Fun with Curl

Curl is one of those quintessential *nix tools that adheres beautifully to the “one tool, one task” philosophy. curl exists to give us the ability to issue requests against web servers. As sysadmins we’re usually concerned with how the web server responds to requests rather than how the actual page renders so a CLI tool like curl is quick and easy. It also lets us spoof things like user agents and referers in case we want to see how the web site responds to different browsers or different referers.

Let’s look at this site:

$ curl http://slumpedoverkeyboarddead.com | head

I get the entire page back, but I’ve spared you all that output. I’m almost never interested in the whole page content, I am usually interested in just the HTTP headers and what the server does with my request. So, let’s look at just the headers:

$ curl -I http://slumpedoverkeyboarddead.com

Now we’re getting somewhere. The server returns a 200 OK response so I know the server is healthy and it will give me content if I asked for it.
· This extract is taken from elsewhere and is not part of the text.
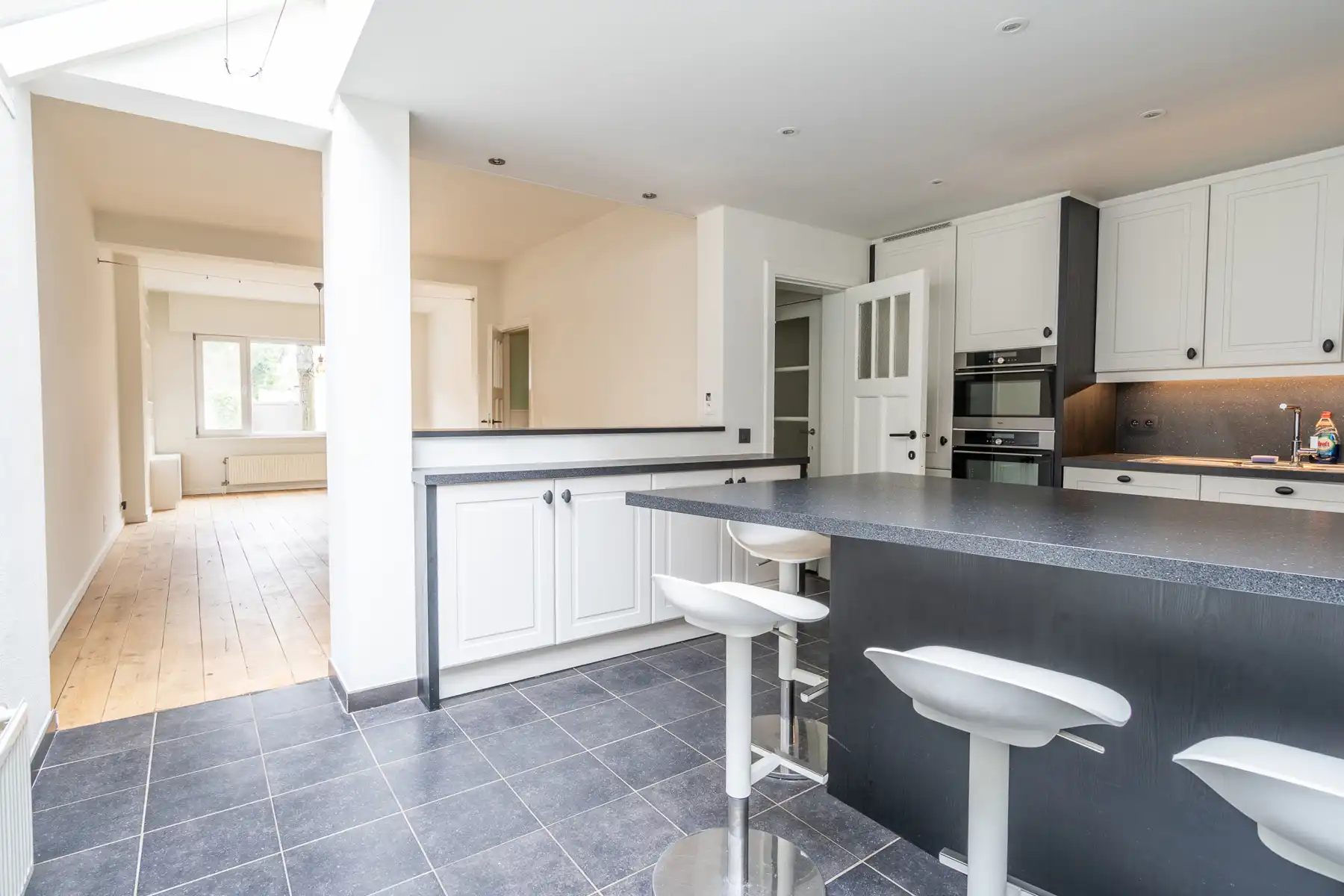 Instapklare gerenoveerde woning met 4 slaapkamers, stijlvolle badkamer en gunstig EPC in het centrum van Gooreind-Wuustwezel. foto 8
A lot of sites will return a 301 redirect to a new location rather than a 200. You could theoretically use the value of the Location: header in the 301 and issue another curl command against it, or you could just tell curl to follow the redirects:

$ curl -I -L www.phoenixhollow.ca

From this, we can see that the .ca domain redirects to the .com version and the final destination is happy with a 200 response.

What about HTTPS SSL secured sites with invalid certificates? No problem, use the -k switch to tell curl to accept them anyhow so you can get on with your life.

Note: props to Sean Walberg for correcting my curl-fu; I was habitually using -k in all cases of SSL which is not needed with valid certs.

$curl -I https://expired.badssl.com/

OK:

$curl -I -k https://expired.badssl.com/

Maybe I need something more exotic. A friend is complaining that when he clicks a Facebook link to my site, he is being redirected to some other site. But when I load the offending page, it works fine for me. We can tell curl to go get that page with a Facebook referer set and see if that changes the behaviour. Hint: if it does, there’s a high chance my site is infected with something bad.

$ curl -I -L --referer "https://www.facebook.com/my-awesome-referer" http://slumpedoverkeyboarddead.com

I don’t have an example page set up to redirect based on referer, but a quick look in the access log shows it was ingested:

By the way, if you’re not using Papertrail to centralize your system logs, you’re missing out. But I digress.

Now on to the last line, see the curl/7.42.1 bit? That is the User Agent string and it tells the web server what application was used to send the request. Primarily, web browsers are used to access the web so this field usually has a string identifying which browser was used, but in this case I didn’t use a browser, but we can see that by default, curl sends that User Agent.

Maybe I want to hide that. Or maybe, as in the previous example, some page is behaving differently based on what User Agent it sees. The second example is reasonably common for web delivered malware targetted at a specific operation system. For example, malware can be told to look at the User Agent string of a request and only download bad software to Windows PCs, but not Linux or Mac computers. So let’s spoof the User Agent so I look like Firefox on Windows (I am actually using Chrome on ChomeOS):

$ curl -I -L --referer "https://www.facebook.com/my-awesome-referer" -A "Mozilla/5.0 (Windows NT 6.1; WOW64; rv:40.0) Gecko/20100 101 Firefox/40.1" http://slumpedoverkeyboarddead.com

Taking a look at the logs, we can see that I no longer appear to be curl’ing, I seem to be using Firefox on Windows.

As with almost all *nix tools, curl has a million possible uses and many more options than I’ve covered here. These are just the most common ones for me right now. Having the power to grab web content under arbitrary conditions can be invaluable in the troubleshooting process.